Zasady dotyczące wideo-monitoringu stosowane mają być odpowiednio do innego monitorowania pracowników. Poza monitoringiem poczty elektronicznej, przepisy nie wymieniają wyczerpująco innych dopuszczalnych środkach monitorowania pracownika, zastrzegając jedynie, iż każdorazowo służyć one muszą jednemu z ww. celów określonych przepisami.
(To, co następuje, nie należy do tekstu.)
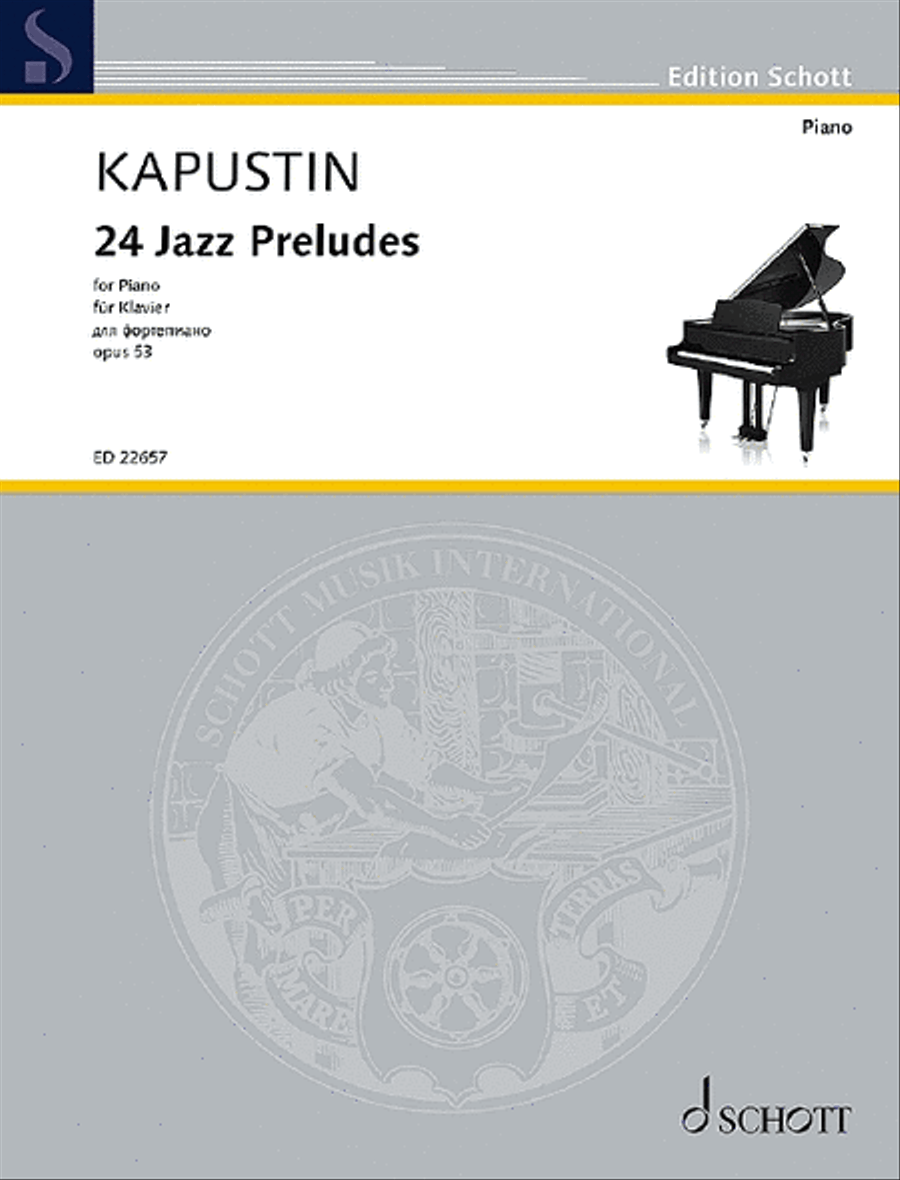 Book cover for 24 Jazz Preludes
Jak wskazuje projektodawca, chodzi tu m.in. o monitoring floty GPS, stron internetowych, czy smsów.

Projektowane przepisy Kodeksu Pracy pozwalają pracodawcy również na kontrolę służbowej skrzynki mailowej pracownika, jednak wyłącznie, gdy okaże się to niezbędne dla zapewnienia organizacji pracy, która umożliwi pełne wykorzystanie czasu pracy oraz właściwe użytkowanie udostępnionych pracownikowi narzędzi pracy, zastrzegając jednocześnie, iż nie może ono naruszać tajemnicy korespondencji ani innych dóbr osobistych pracownika.

Powyższe zastrzeżenie wiąże się niewątpliwie ze stanowiskiem Trybunału Sprawiedliwości Unii Europejskiej, według którego, jakkolwiek pracodawca ma prawo kontroli aktywności swych pracowników w trakcie pracy, to jednak kontrola taka zachować musi określone ramy i nie może naruszać obowiązku poszanowania ich prywatności.

Samo uzasadnienie projektowanych zmian precyzuje, iż nawet, jeśli regulacja wewnętrzna pracodawcy zakazuje korzystania z poczty służbowej dla celów prywatnych, a pracodawca natknie się na prywatną korespondencję pracownika nie stosującego się do tego zakazu, nie będzie mógł jej w całości przeczytać, ani też udostępniać.

Należy zaznaczyć, że opisane zmiany przepisów nie są jeszcze przesądzone. Zarówno ich ostateczne brzmienie, jak i termin wejścia w życie uzależnione są od dalszych prac legislacyjnych nad projektem ustawy dostosowującej polskie przepisy do założeń RODO.